Конан любил послушать истории убеленных благородными сединами старцев, особенно если земной путь их был не ровен, а извилист и многотруден. Хон же Булла, как понял варвар из беседы во время вечерней трапезы, за свои семьдесят и семь лет успел обойти весь мир, о чем упомянул лишь вскользь, тем самым вызвав еще больший интерес молодого гостя.
— Сдается мне, сундуки твоей памяти забиты байками о разных странах и приключениях. Клянусь бородой Крома, я не прочь послушать парочку — чтоб потом лучше уснуть.
— Хм-м-м… Задал ты мне задачу, — покачал головой старик. — Я уж давно все перезабыл. Ты же видишь, Конан, — пальцы левой ноги моей уже касаются порога Серых Равнин… Нет-нет. — Он поднял руку, увидев, как помрачнело и без того суровое лицо варвара. — Ты мой гость, и твое желание для меня закон. Позволь только сходить в дом за кувшином вина, дабы рассказ мой не показался тебе сух…
Улыбнувшись, хон Булла поднялся и проворно устремился к крыльцу, оставив киммерийца созерцать сияние звезд — за неимением чего-либо иного черной ночью. В самом деле сейчас с темнотою слились даже очертания редких здешних дерев, а светильник с пальмовым маслом, оставленный хозяином на траве у скамьи, освещал лишь ноги Конана и еще отбрасывал желтый густой блик на его колени, более же ничего нельзя было разобрать вокруг ни рядом, ни подале. Глубокая, словно сон, тишина царила здесь, сообщая покой всему живому; и в стрекотанье цикад, и в легком шорохе растений и ночных зверушек тоже слышалось умиротворение, кое казалось вечным, но, конечно, все равно всякий знал, что утром оно исчезнет бесследно. Конан вдохнул душный, чуть влажноватый воздух, чувствуя, как вместе с ним в грудь, в душу, во все поры проникает нечто невесомое и чистое, ранее изведанное и все же каждый раз как новое, и приглушенно — словно не желая нарушить эту тишину — засмеялся.
— Ты смеешься, — заметил наблюдательный хон Булла, появляясь так неожиданно, как только может человек его комплекции. — И я тоже — над собой. Не знаю, где в собственном доме хранится вино… Пришлось разбудить Майло, хотя и не хотелось его тревожить…

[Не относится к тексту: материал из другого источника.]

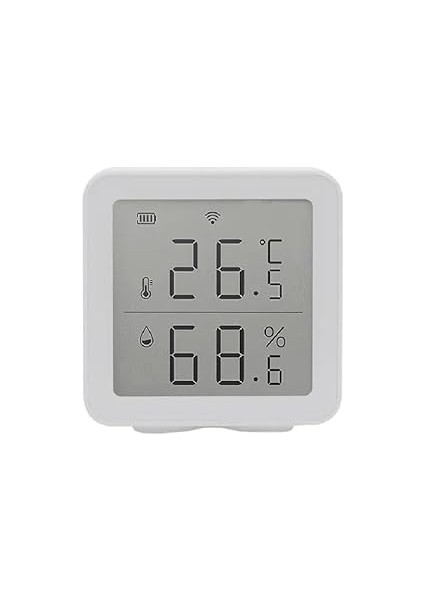 Smart Akıllı Dijital Termometre Uygulama Denetimli Wi-Fi 2.4 Ghz Iç Mekan Isı Ölçer ve Nem Ölçer (Higrometre) Sıcaklık ve Nem Sensörü X7508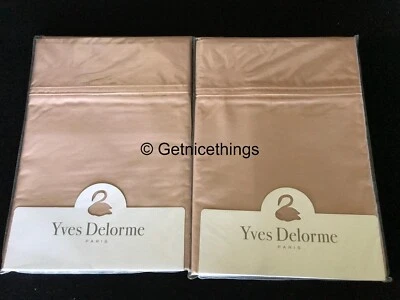 Nuevo Par (2) Estuches Yves Delorme King Triomphe THE Tea Rose Rosa Satén Orgánico Foto 1 de 4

— Мне нравится твое вино, — проворчал варвар, принимая из рук хозяина крутобокий кувшин. — Последние пять лун я пил только дешевую кислятину в придорожных трактирах, а ел такую дрянь, от одного запаха которой сдох бы твой нос… — Он отхлебнул пару добрых глотков, крякнул от удовольствия и вытер губы рукавом куртки. — Отличное вино… Послушай, достопочтенный, нынче я никак не мог понять, что ты так носишься с этим Майло? Ведь он не сын тебе?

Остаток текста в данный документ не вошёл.